Beginning at the line that contains "this 390×280 image.", reproduce every line to the end of the material without changing any of them.

Start of Information

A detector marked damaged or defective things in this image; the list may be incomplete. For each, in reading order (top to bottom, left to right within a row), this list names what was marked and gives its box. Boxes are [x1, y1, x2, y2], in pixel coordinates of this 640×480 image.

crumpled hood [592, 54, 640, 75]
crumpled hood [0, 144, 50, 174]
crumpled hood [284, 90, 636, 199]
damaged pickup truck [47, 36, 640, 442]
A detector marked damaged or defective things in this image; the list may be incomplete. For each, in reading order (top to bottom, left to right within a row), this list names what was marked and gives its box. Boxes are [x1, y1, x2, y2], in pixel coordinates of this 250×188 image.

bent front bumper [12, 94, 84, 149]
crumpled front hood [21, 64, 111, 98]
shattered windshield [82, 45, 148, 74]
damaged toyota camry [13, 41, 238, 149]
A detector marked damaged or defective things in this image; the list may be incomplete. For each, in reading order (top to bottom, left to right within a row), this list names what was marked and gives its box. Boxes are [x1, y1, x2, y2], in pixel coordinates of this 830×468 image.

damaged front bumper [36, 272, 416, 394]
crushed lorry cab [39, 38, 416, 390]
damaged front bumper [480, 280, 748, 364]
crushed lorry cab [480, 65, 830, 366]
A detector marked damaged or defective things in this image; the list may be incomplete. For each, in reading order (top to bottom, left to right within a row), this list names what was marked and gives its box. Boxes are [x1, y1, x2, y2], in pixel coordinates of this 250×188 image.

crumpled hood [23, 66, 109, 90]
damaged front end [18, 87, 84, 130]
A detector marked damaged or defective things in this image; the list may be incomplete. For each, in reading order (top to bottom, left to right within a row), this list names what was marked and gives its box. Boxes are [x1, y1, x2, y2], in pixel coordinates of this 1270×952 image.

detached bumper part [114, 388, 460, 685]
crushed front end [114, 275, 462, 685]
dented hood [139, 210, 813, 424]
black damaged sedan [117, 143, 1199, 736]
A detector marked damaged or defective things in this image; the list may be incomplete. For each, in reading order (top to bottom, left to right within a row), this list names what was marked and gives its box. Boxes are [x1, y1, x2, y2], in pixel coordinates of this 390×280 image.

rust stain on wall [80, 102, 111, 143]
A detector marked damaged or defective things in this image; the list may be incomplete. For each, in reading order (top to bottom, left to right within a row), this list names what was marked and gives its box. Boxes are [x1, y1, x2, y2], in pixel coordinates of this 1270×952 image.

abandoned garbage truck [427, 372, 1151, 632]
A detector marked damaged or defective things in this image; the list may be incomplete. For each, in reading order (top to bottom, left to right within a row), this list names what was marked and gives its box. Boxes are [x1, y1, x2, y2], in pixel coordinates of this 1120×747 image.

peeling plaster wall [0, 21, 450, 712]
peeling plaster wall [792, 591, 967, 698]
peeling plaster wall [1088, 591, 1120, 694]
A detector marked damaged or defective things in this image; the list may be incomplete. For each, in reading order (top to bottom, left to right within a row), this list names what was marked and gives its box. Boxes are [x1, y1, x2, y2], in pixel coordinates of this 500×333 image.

End of Information

Output —
A detector marked damaged or defective things in this image; the list may be incomplete. For each, in reading order (top to bottom, left to right within a row), this list names what was marked and gives its box. Boxes are [x1, y1, x2, y2], in pixel coordinates of this 390×280 image.

rust stain on wall [80, 102, 111, 143]
A detector marked damaged or defective things in this image; the list may be incomplete. For each, in reading order (top to bottom, left to right within a row), this list names what was marked and gives its box. Boxes are [x1, y1, x2, y2], in pixel coordinates of this 1270×952 image.

abandoned garbage truck [427, 372, 1151, 632]
A detector marked damaged or defective things in this image; the list may be incomplete. For each, in reading order (top to bottom, left to right within a row), this list names what was marked and gives its box. Boxes are [x1, y1, x2, y2], in pixel coordinates of this 1120×747 image.

peeling plaster wall [0, 21, 450, 712]
peeling plaster wall [792, 591, 967, 698]
peeling plaster wall [1088, 591, 1120, 694]
A detector marked damaged or defective things in this image; the list may be incomplete. For each, in reading order (top to bottom, left to right within a row), this list names what was marked and gives its box. Boxes are [x1, y1, x2, y2], in pixel coordinates of this 500×333 image.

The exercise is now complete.